RMP water quality sensor playing host to animals called hydroids. Photo by Emily Novick, SFEI.
RMP water quality sensor playing host to animals called hydroids. Photo by Emily Novick, SFEI.

“The tricky part is the Bay’s response to nutrients is changing, but it’s not yet clear how best to manage them,” says David Senn, a scientist at the San Francisco Estuary Institute (SFEI). Another challenge is that because nutrients haven’t been troublesome here, we have a lot to learn about them in the Bay. “It will take a regional collaborative effort to understand how the Bay is changing and what regulatory actions to take,” says Naomi Feger, Planning Chief of the S.F. Bay Regional Water Quality Control Board. To accomplish this, the Board drafted a Regional Nutrient Management Strategy in 2012 in collaboration with SFEI, the Regional Monitoring Program, wastewater dischargers and other stakeholders. The goal is to develop monitoring and regulations that proactively protect the Bay from nutrient pollution, backed by solid science. Within this major initiative, Senn is coordinating an expert team to outline monitoring and research needs. “It’s a first step toward identifying the scientific issues we need to tackle,” he says.

The financial stakes for getting a handle on nutrients in the Bay are high. “It’s being called the most costly wastewater issue reorder in the Bay the since 1970s,” Senn says. Most of the nutrients come from the 41 wastewater treatment plants which discharge into the Bay, and retrofitting them could cost billions of dollars. In the North Bay, nutrients also come from agriculture and wastewater in the Central Valley and the Delta.

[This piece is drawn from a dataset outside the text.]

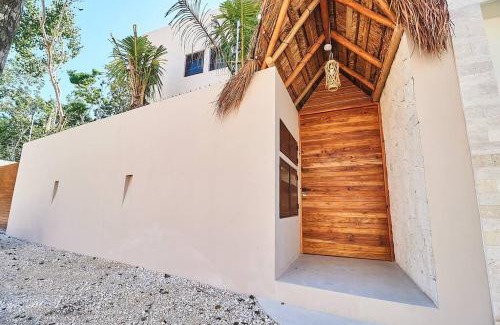 Tulum Villa | Exotic villa for 10 people with cenote-style pool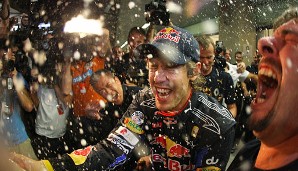 Mit Vettels erstem WM-Sieg schließt sich der Kreis. Im letzten Rennen der Saison 2010 in Abu Dhabi sicherte sich der Deutsche den Titel mit vier Punkten Vorsprung auf Alonso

Why haven’t all those nutrients pouring into the Bay caused problems? The answer — based on nearly four decades of US Geological Survey work on the Bay’s large swings in phytoplankton abundance — is a combination of three things: suspended sediment, tidal mixing, and clams.

Algae needs light to grow but Bay water contains so much sediment that it’s murky. “It’s like overfertilizing a garden and then covering it with a tarp,” Senn says. “The nutrients are there but the other key ingredient, sunlight, is missing.” In addition, algae often grows best in estuaries where the entering fresh water floats across the surface. This creates a top layer that concentrates phytoplankton and keeps them near the light. But here, the Bay’s strong tides usually break up fresh water layers before algae can bloom. The third factor is large populations of clams and other bottom-dwelling filter feeders that can eat phytoplankton as fast as it can grow.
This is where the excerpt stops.